__TASK PROMPT__. Within the entries below, please return exactly the lines from the one with "Reed roof: working" through the one with "Jeweled Silver Metal", leaving out any pictures.

------ SOURCE DATA ------

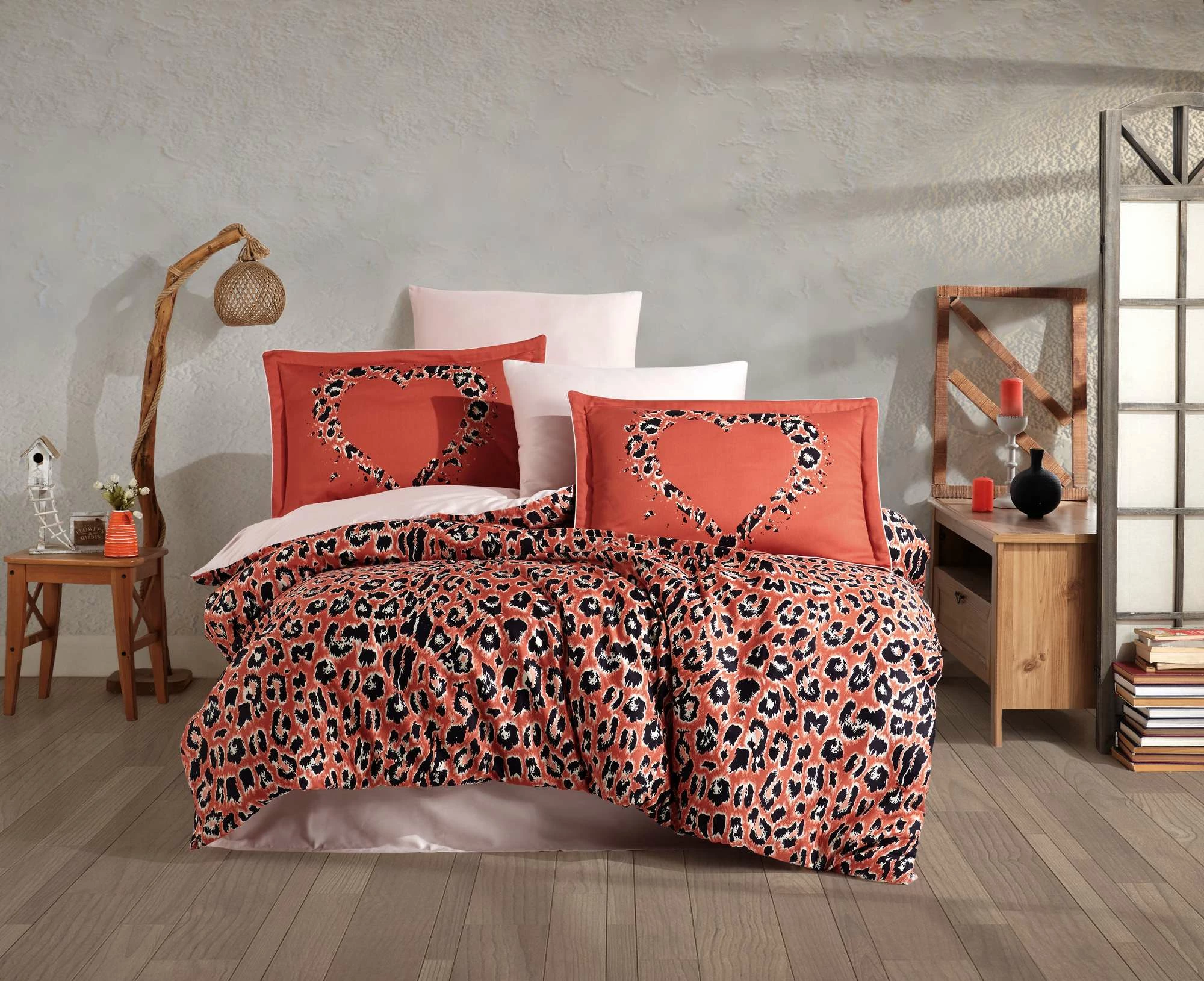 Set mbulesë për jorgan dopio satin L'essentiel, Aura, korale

------
------ SOURCE DATA ------

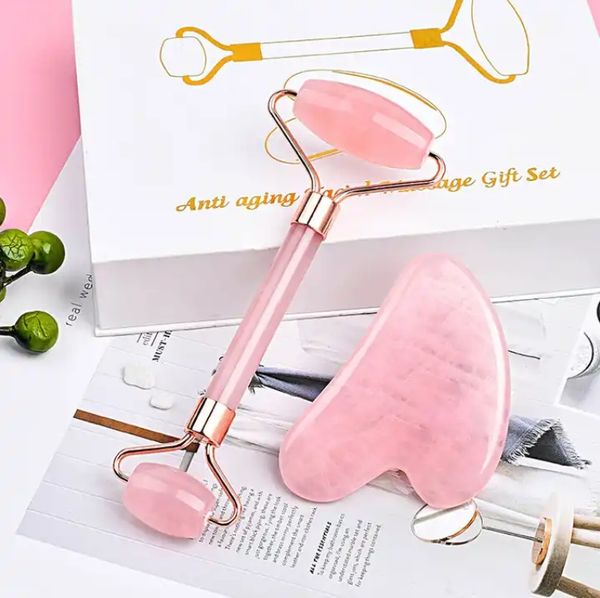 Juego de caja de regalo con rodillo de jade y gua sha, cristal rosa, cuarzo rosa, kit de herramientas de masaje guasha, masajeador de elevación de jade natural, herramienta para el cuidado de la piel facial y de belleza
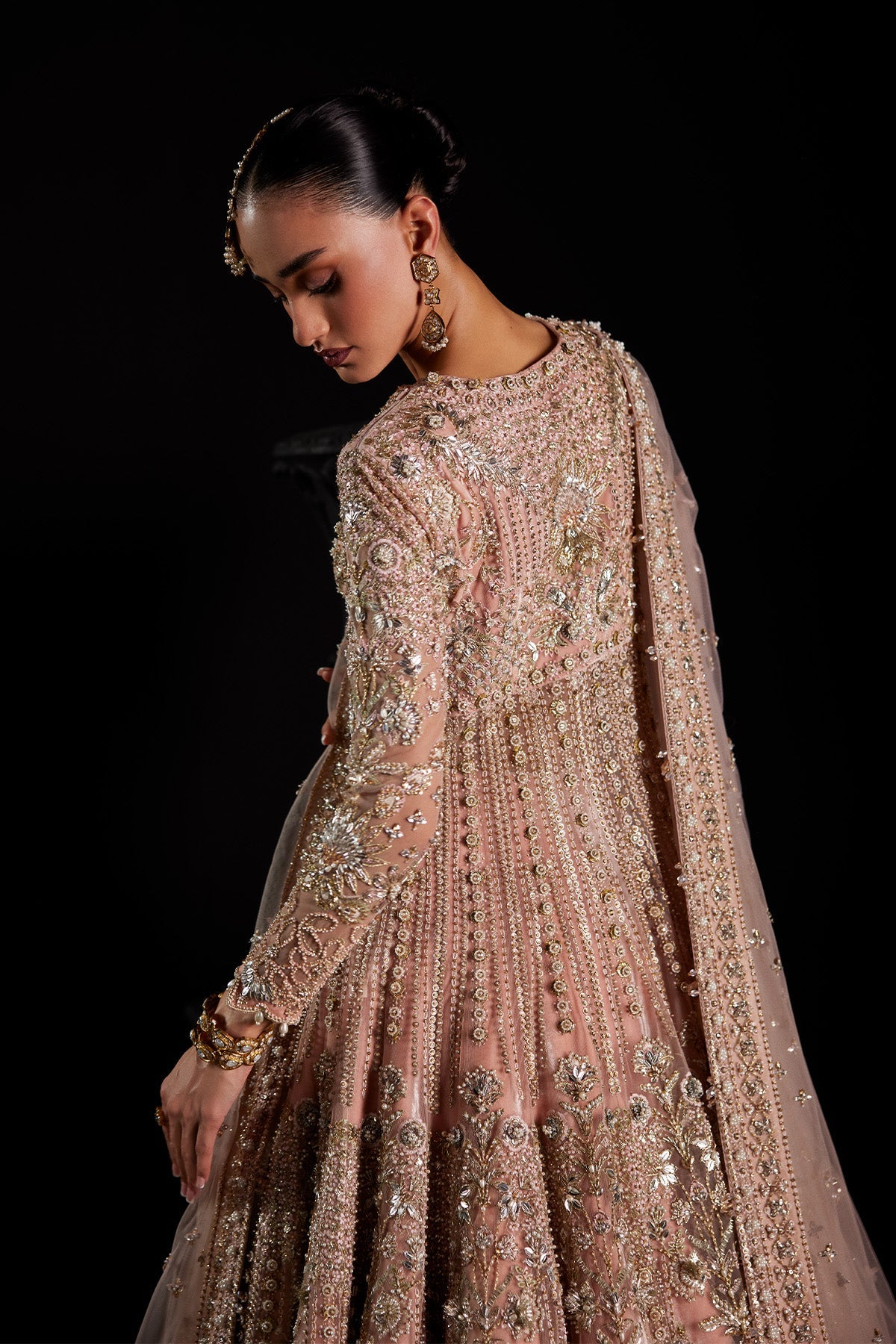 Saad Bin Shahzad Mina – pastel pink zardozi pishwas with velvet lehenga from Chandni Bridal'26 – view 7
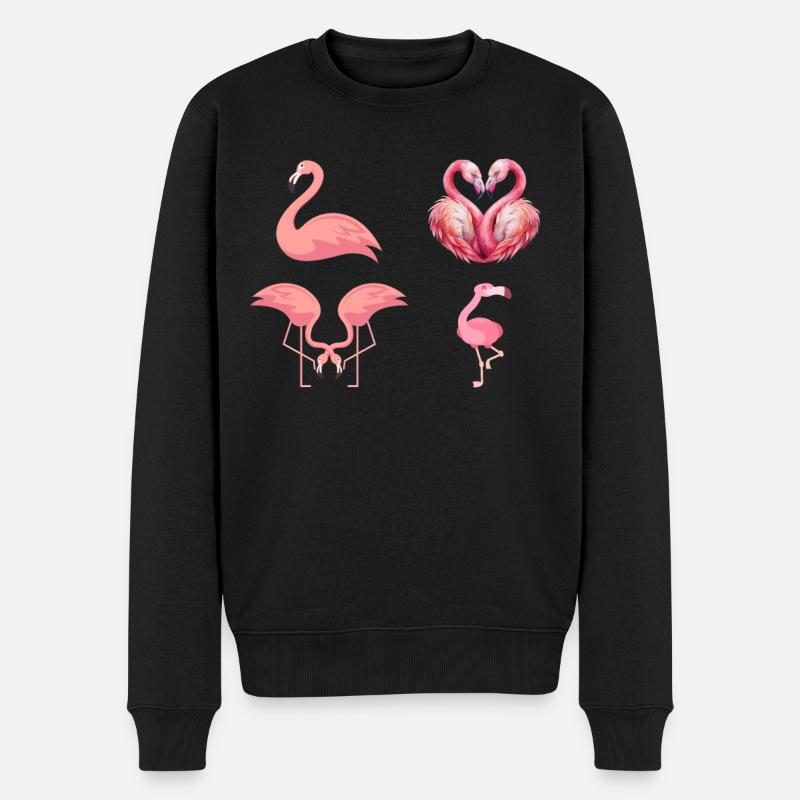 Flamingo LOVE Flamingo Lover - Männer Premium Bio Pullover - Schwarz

------
------ SOURCE DATA ------

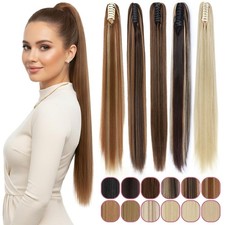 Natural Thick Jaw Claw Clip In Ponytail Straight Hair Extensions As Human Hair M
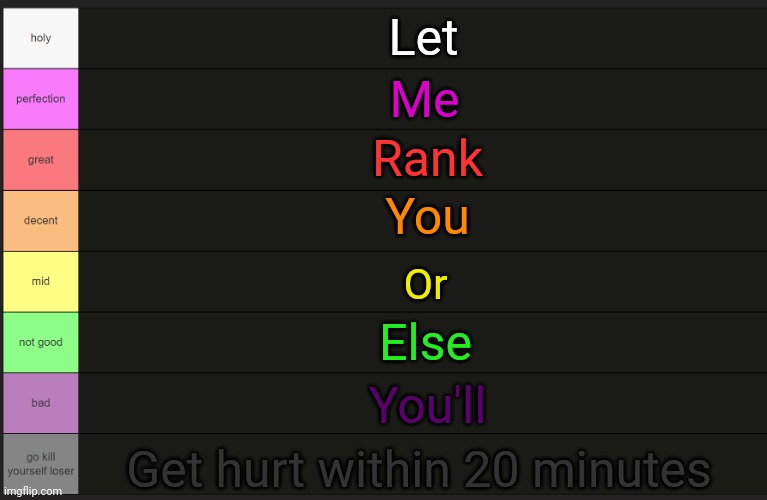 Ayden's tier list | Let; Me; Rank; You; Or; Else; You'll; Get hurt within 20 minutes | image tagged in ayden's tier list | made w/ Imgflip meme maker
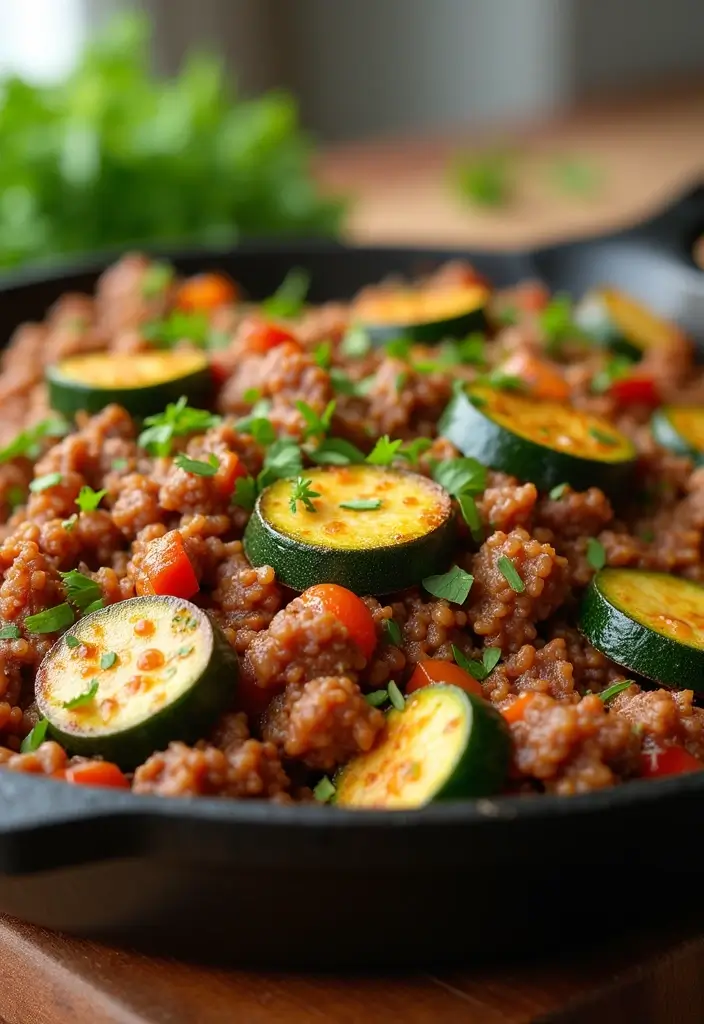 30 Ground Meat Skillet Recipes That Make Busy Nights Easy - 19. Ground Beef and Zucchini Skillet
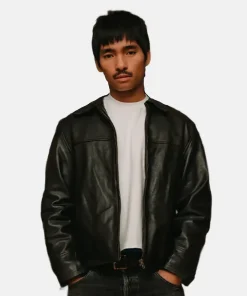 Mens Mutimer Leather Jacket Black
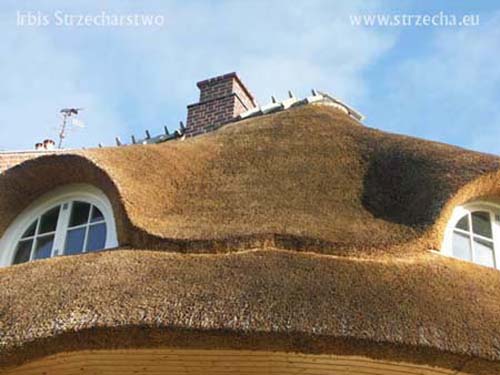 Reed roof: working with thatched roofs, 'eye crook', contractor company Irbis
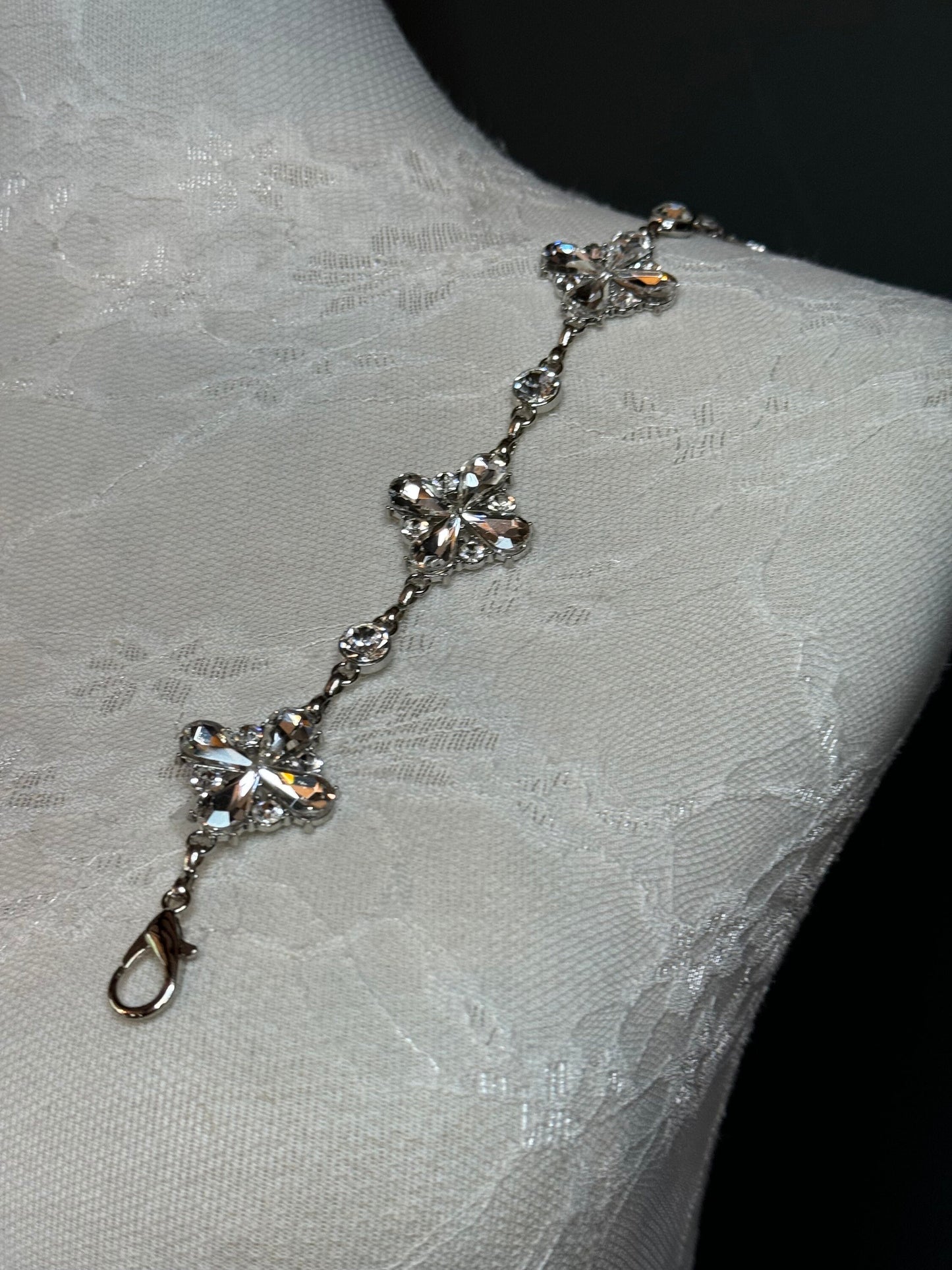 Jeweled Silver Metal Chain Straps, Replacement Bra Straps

------

__SOLUTION TO THE EXERCISE__.
 Reed roof: working with thatched roofs, 'eye crook', contractor company Irbis
 Jeweled Silver Metal Chain Straps, Replacement Bra Straps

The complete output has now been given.